Later in life, around my sophomore year in high school, I remember some of my classmates ganging up on a Catholic kid after reading one of Chick’s anti-papal comics, Alberto. I can only imagine the treatment my gay friends received from zealous folks hopped up on the Chick tract The Gay Blade. Jack Chick had his pet causes, but he was only too happy to tell all of us we were bound for hell: smokers, drinkers, rock music listeners, Catholics, protestants, gay people, watchers of television.
Old Jack died in 2016, but let me assure you his mission is still in play. Recently, I was interested to find that he has a kindred spirit out there: Evangelist Tim Todd, President and Executive Director of Revival Fires International and the Designer and Publisher of The Truth for Youth, or the TTFY. (You know how folks love a good acronym, even when it’s not actually an acronym, just an awkward and unpronounceable abbreviation.)

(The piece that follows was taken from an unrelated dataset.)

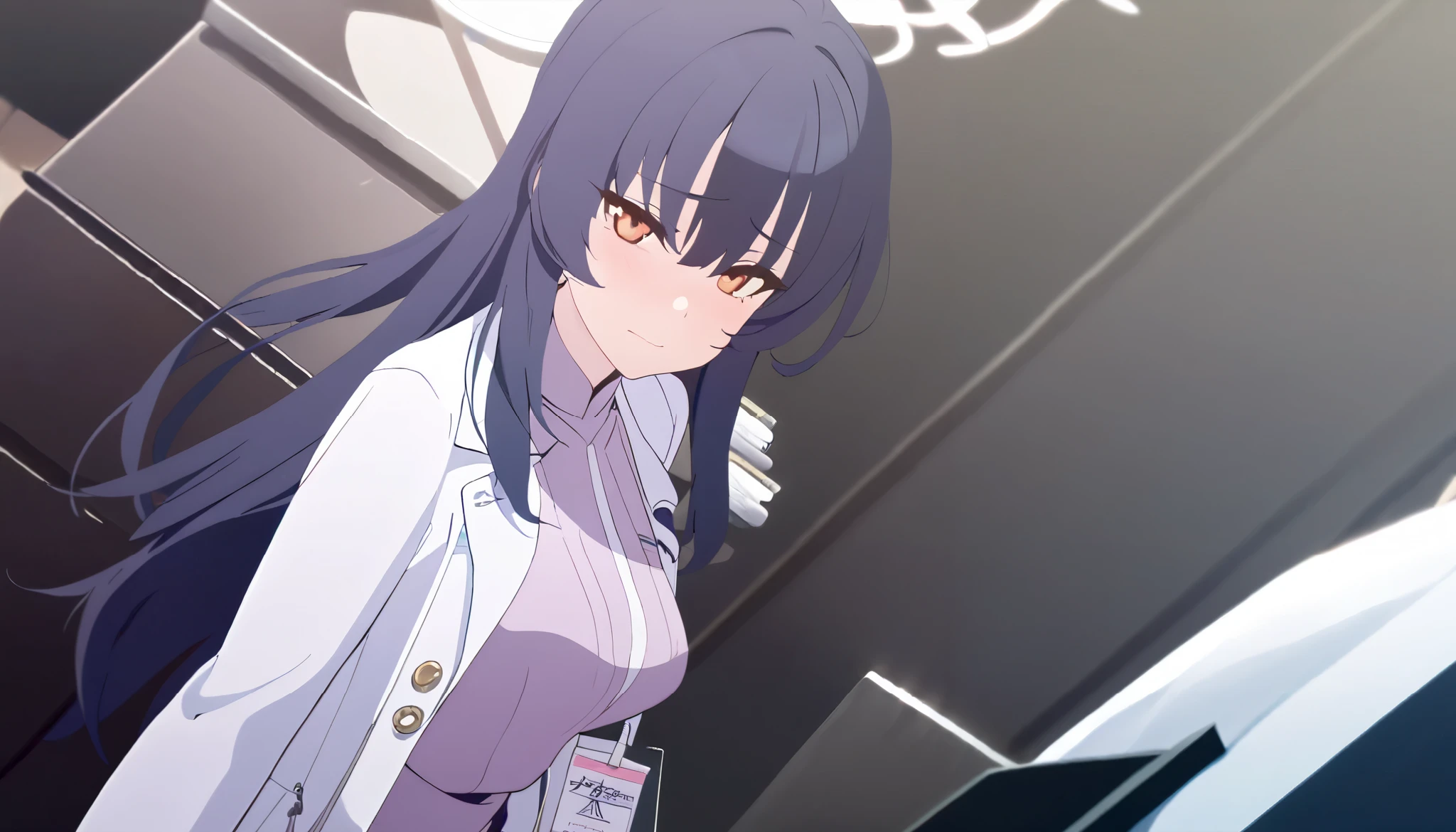 masterpiece, best quality, solo, 1girl, mature, dark blue hair, long hair, orange eye, small to medium breast, pastel purple outfit, white pharmacist coat, standing, looking at viewer, shy but confident, faint smile, black background only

According to the TTFY website, one of the purposes of the organization is to “prevent truth decay,” and it accomplishes this through a series of “Hot Comics” that deal with the truth about subjects like “Pornography (Parental Controls), Homosexuality (Born that Way!), Rock Music (Wasted Words: The Truth About Secular Music), Evolution (Somebody’s Monkey), and Safe Sex (Passes and Plays).” I’ll go ahead and stop you there, before you entertain the thought that TTFY might be advocating safe sex. Nope. Abstinence only, people! That’s the way to do it. Or to not do it.

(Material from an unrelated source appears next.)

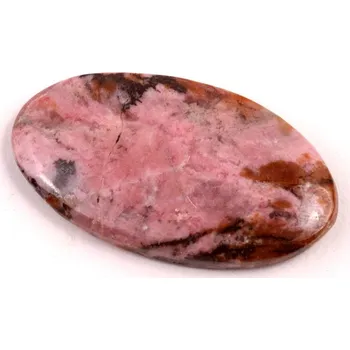 Přírodní kámen Kabošon Černý Rhodonit č.6495 (39x22x6mm)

Also in the TTFY catalog is a little project called Hairy Polarity and the Sinister Sorcery Satire. Sound familiar? It should. But if I could give Evangelist Todd a tiny bit of advice, I’d say if you need to tell someone that what you’re presenting is satire, you’ve sort of missed the entire point.

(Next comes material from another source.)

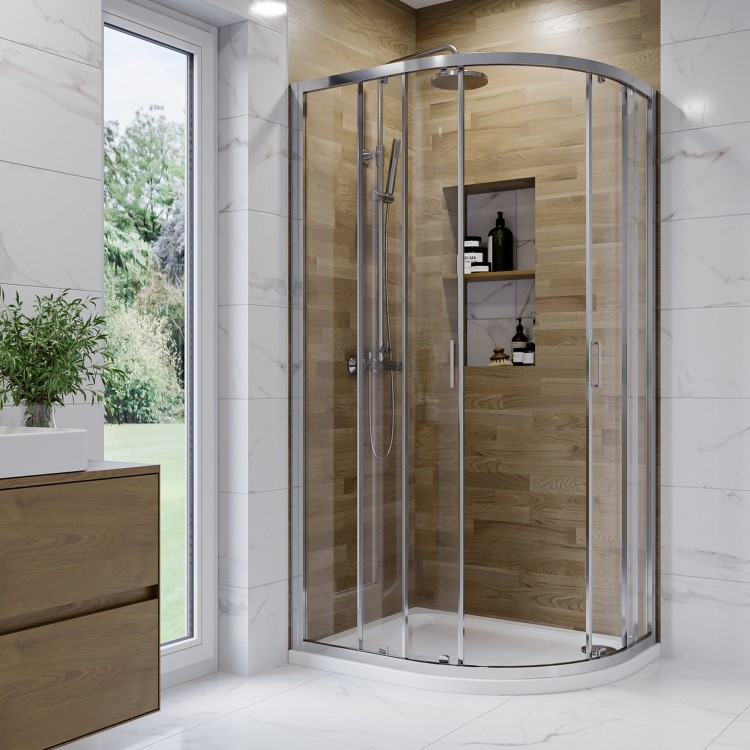 900 x 760mm Right Hand Offset Quadrant Shower Enclosure Suite with Toilet & Basin - Carina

But you know what? It’s a good thing we have folks like Jack Chick and Tim Todd out there sharing their bizarre worldviews. They’re fun to laugh at, for one thing, though much of that laughter may be defensive, but there’s more. Aside from the damage the message might do to kids’ fragile little minds–which is a concern, of course–these documents are artifacts of our society.
If you’ve never seen a Jack Chick tract, you’re a fortunate and probably more mentally healthy person than I am. But now that you’re an adult, you owe it to yourself to check them out. The Smithsonian Institution’s National Museum of American History even featured some of them in an exhibit on American pop culture. Whether you think them repulsive, pedantic, heretical, or just plain badly drawn and written, they represent a sizable slice of our culture. Sort of like with Mein Kampf and Protocols of the Elders of Zion, it’s not only significant that someone writes and publishes these things, but it’s equally notable that people buy, read, and perhaps even base their lives upon them.
And maybe in five hundred or a thousand years from now, if one of Jack Chick’s tracts or comics has survived (and come on, you know it will) one person will be able to show it to another one and say: “No, seriously. People actually believed this stuff.”